**EXTRACTED MATERIAL:**
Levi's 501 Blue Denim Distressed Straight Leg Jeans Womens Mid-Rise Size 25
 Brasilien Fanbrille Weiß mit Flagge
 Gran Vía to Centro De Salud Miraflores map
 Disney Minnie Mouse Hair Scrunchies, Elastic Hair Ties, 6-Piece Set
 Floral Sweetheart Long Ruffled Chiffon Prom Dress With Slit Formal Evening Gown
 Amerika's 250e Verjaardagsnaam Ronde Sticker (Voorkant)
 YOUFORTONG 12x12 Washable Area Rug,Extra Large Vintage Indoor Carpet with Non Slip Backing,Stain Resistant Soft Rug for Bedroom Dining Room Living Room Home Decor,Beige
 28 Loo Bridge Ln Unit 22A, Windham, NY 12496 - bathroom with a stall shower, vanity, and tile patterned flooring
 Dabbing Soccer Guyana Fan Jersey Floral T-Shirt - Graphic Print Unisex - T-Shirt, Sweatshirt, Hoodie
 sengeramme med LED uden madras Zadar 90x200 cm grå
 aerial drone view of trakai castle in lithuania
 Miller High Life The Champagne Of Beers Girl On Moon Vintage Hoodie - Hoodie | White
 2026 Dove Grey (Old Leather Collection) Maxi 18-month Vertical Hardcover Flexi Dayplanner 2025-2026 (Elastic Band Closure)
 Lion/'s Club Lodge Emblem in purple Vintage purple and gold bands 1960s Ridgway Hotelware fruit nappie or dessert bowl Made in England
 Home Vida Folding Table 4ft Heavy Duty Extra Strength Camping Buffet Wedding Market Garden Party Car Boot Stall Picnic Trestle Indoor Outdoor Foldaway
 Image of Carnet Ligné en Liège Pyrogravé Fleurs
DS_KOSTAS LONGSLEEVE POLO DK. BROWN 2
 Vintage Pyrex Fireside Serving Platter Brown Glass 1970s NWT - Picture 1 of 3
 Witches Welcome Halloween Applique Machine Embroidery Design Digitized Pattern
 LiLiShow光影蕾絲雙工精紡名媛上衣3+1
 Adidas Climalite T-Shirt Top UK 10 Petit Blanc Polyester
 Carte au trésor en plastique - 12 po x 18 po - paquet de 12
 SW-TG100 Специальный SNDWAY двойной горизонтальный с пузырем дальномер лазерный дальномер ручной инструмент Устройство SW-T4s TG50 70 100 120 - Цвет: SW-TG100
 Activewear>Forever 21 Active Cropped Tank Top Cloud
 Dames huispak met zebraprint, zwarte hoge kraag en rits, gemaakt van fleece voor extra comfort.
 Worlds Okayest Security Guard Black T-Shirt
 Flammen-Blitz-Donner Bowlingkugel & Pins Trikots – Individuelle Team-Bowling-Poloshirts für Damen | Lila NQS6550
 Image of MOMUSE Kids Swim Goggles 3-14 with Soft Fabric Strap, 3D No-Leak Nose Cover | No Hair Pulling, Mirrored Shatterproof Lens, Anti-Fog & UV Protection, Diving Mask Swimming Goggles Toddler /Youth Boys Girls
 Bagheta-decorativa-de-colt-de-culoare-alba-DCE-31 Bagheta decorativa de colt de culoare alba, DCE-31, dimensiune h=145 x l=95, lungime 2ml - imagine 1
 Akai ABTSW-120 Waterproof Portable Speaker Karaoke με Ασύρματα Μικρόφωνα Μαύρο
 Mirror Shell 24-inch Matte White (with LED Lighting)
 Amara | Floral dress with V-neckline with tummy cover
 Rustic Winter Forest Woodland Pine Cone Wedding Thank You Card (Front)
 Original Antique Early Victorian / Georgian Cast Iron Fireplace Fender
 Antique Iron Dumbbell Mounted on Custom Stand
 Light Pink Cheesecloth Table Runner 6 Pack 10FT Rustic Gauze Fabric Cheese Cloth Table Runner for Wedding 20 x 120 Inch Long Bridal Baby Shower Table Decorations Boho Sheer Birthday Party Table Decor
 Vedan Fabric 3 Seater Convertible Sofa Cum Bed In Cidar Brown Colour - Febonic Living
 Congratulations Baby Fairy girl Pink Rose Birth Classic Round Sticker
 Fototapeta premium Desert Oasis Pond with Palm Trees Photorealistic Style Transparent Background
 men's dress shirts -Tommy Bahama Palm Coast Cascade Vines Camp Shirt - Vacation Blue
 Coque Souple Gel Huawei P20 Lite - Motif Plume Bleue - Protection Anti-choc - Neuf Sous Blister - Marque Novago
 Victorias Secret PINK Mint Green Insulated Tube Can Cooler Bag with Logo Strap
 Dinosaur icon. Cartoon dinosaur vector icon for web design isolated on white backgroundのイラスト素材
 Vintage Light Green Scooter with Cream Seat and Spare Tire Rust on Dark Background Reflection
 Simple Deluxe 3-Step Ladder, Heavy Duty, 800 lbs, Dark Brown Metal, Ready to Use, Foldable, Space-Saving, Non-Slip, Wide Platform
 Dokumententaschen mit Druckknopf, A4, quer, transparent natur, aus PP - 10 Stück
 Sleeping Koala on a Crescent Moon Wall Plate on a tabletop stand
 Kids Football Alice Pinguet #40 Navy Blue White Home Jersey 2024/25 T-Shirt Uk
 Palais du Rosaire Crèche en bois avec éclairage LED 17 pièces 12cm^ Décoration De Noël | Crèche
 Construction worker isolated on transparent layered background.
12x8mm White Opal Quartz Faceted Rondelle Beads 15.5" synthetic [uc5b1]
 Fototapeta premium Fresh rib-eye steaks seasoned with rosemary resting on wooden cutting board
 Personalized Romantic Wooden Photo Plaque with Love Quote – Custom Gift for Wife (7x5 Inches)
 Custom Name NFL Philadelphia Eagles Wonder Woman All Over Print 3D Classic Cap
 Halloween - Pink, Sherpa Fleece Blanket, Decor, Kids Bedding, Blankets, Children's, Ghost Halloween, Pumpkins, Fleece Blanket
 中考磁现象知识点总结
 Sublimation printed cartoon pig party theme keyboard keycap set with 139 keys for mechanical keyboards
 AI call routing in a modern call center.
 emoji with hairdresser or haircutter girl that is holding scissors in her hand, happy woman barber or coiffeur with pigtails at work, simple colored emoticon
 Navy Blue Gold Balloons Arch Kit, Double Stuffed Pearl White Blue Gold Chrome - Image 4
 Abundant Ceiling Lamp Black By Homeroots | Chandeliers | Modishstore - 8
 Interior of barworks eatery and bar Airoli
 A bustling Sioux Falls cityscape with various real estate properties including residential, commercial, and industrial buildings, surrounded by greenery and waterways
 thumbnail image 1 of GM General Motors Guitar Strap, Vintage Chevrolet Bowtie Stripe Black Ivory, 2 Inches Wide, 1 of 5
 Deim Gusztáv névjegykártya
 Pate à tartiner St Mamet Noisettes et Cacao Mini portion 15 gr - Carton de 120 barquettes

**WHAT THIS TASK INVOLVES:** Transcribe exactly, and only, the lines from the opening line of the records through the line containing "Adidas Climalite T-Shirt".

**EXERCISE OUTPUT:**
Levi's 501 Blue Denim Distressed Straight Leg Jeans Womens Mid-Rise Size 25
 Brasilien Fanbrille Weiß mit Flagge
 Gran Vía to Centro De Salud Miraflores map
 Disney Minnie Mouse Hair Scrunchies, Elastic Hair Ties, 6-Piece Set
 Floral Sweetheart Long Ruffled Chiffon Prom Dress With Slit Formal Evening Gown
 Amerika's 250e Verjaardagsnaam Ronde Sticker (Voorkant)
 YOUFORTONG 12x12 Washable Area Rug,Extra Large Vintage Indoor Carpet with Non Slip Backing,Stain Resistant Soft Rug for Bedroom Dining Room Living Room Home Decor,Beige
 28 Loo Bridge Ln Unit 22A, Windham, NY 12496 - bathroom with a stall shower, vanity, and tile patterned flooring
 Dabbing Soccer Guyana Fan Jersey Floral T-Shirt - Graphic Print Unisex - T-Shirt, Sweatshirt, Hoodie
 sengeramme med LED uden madras Zadar 90x200 cm grå
 aerial drone view of trakai castle in lithuania
 Miller High Life The Champagne Of Beers Girl On Moon Vintage Hoodie - Hoodie | White
 2026 Dove Grey (Old Leather Collection) Maxi 18-month Vertical Hardcover Flexi Dayplanner 2025-2026 (Elastic Band Closure)
 Lion/'s Club Lodge Emblem in purple Vintage purple and gold bands 1960s Ridgway Hotelware fruit nappie or dessert bowl Made in England
 Home Vida Folding Table 4ft Heavy Duty Extra Strength Camping Buffet Wedding Market Garden Party Car Boot Stall Picnic Trestle Indoor Outdoor Foldaway
 Image of Carnet Ligné en Liège Pyrogravé Fleurs
DS_KOSTAS LONGSLEEVE POLO DK. BROWN 2
 Vintage Pyrex Fireside Serving Platter Brown Glass 1970s NWT - Picture 1 of 3
 Witches Welcome Halloween Applique Machine Embroidery Design Digitized Pattern
 LiLiShow光影蕾絲雙工精紡名媛上衣3+1
 Adidas Climalite T-Shirt Top UK 10 Petit Blanc Polyester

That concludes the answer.